- Information given
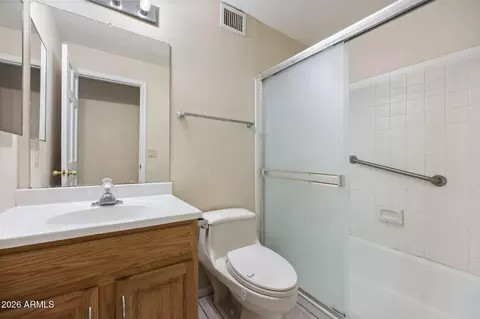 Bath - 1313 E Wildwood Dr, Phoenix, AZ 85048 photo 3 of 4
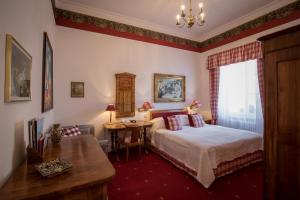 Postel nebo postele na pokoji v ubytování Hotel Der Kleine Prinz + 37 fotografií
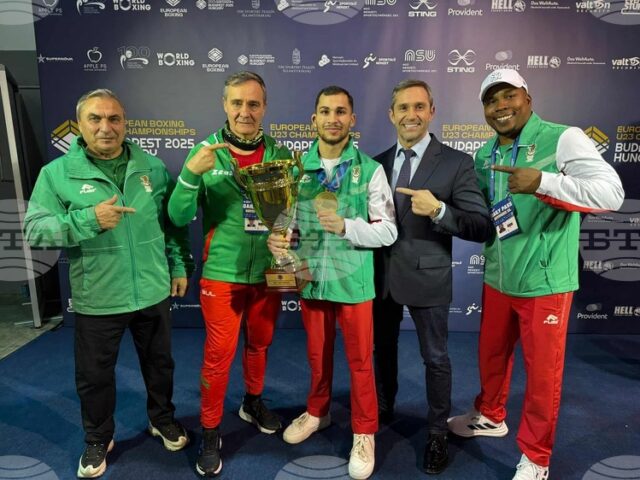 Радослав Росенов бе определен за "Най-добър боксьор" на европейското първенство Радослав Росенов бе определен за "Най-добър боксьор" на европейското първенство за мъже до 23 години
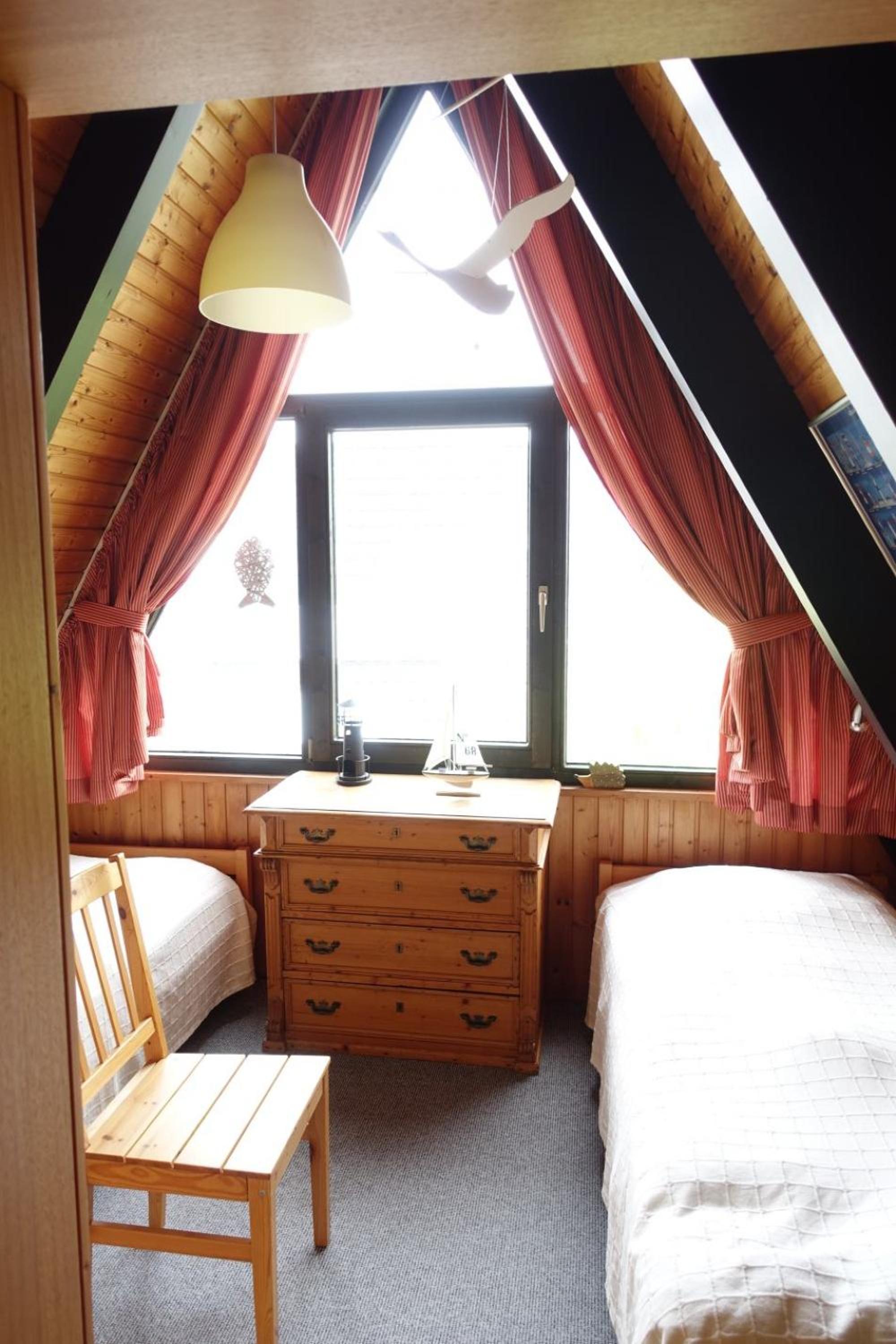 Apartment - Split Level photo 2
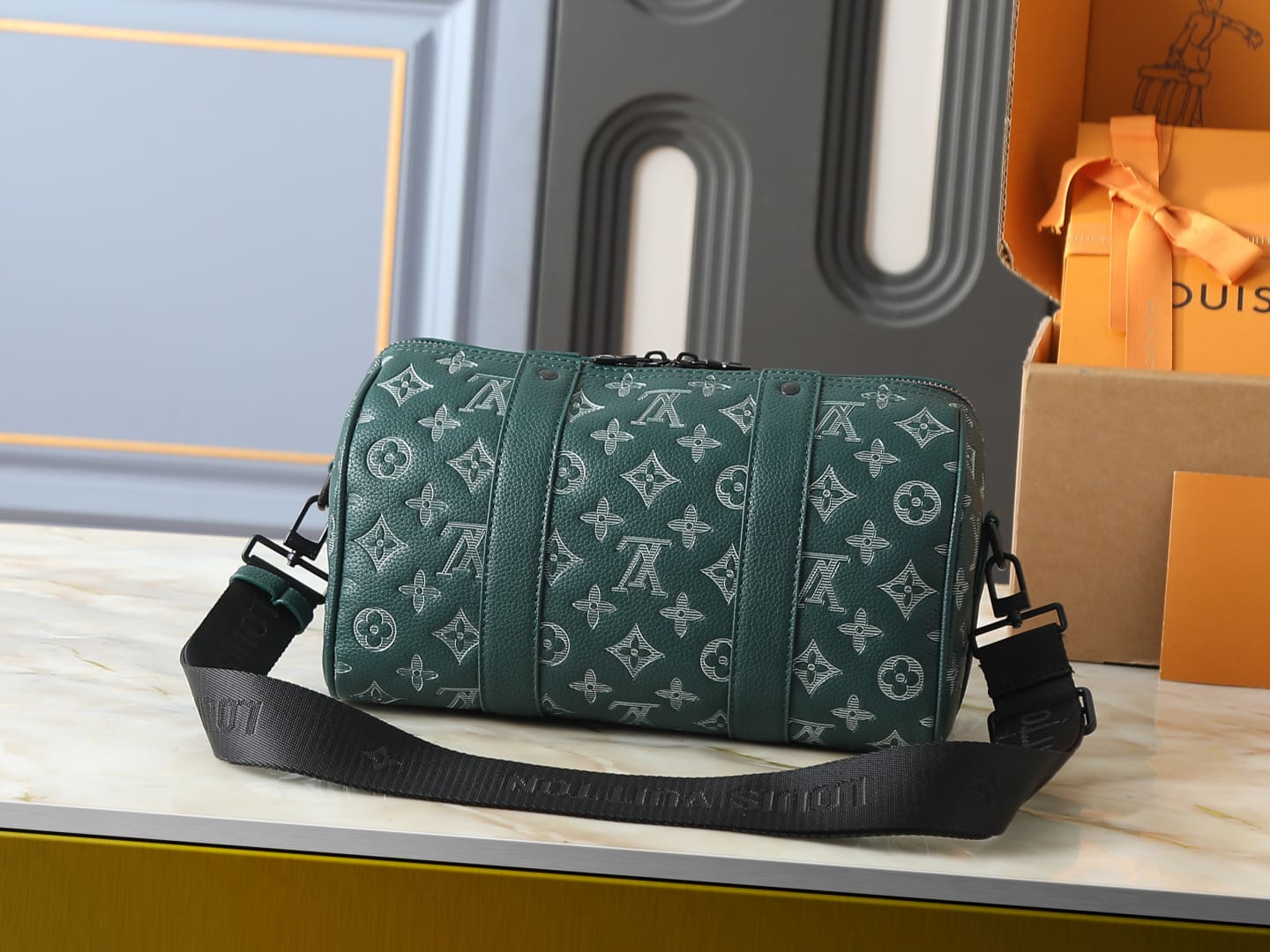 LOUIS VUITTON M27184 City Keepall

---

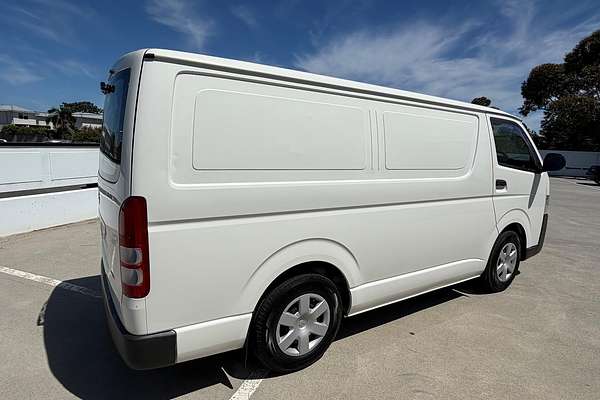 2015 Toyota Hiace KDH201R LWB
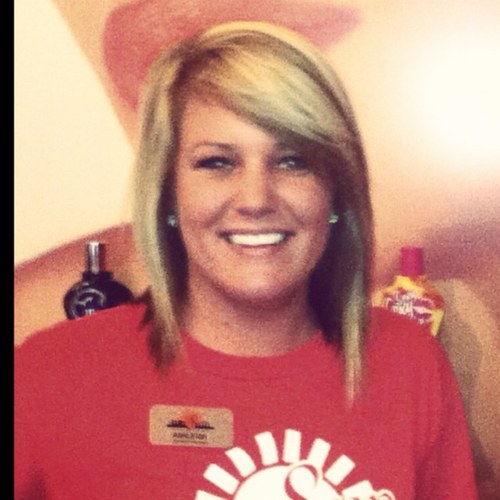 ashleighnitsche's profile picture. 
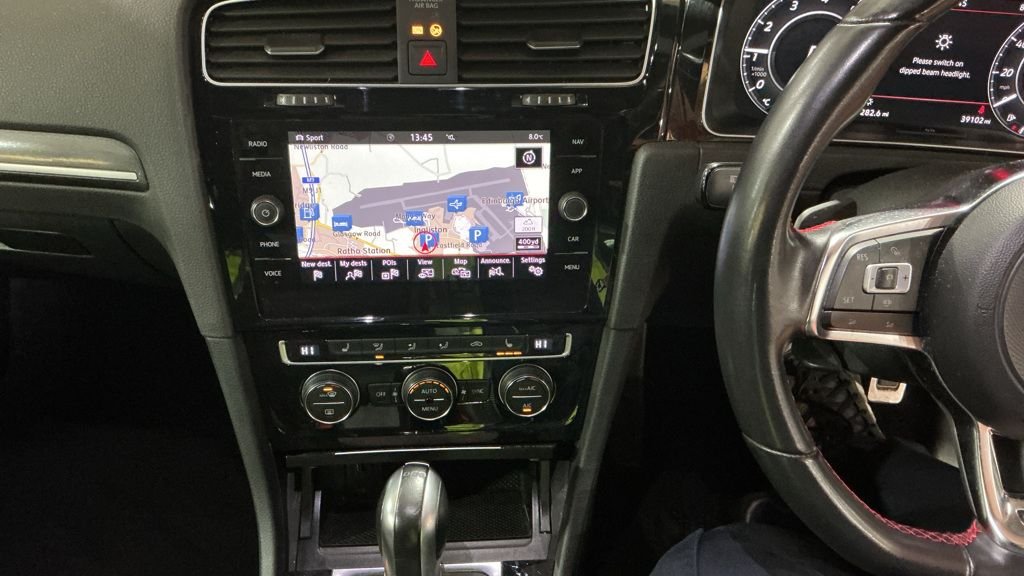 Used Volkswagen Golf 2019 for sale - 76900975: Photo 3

- Exercise brief
I'd like the lines above repeated exactly, from the one that contains "до 23 години" through the one that contains "LOUIS VUITTON M27184 City Keepall", with no pictures.

- Result of the exercise
 Радослав Росенов бе определен за "Най-добър боксьор" на европейското първенство Радослав Росенов бе определен за "Най-добър боксьор" на европейското първенство за мъже до 23 години
 Apartment - Split Level photo 2
 LOUIS VUITTON M27184 City Keepall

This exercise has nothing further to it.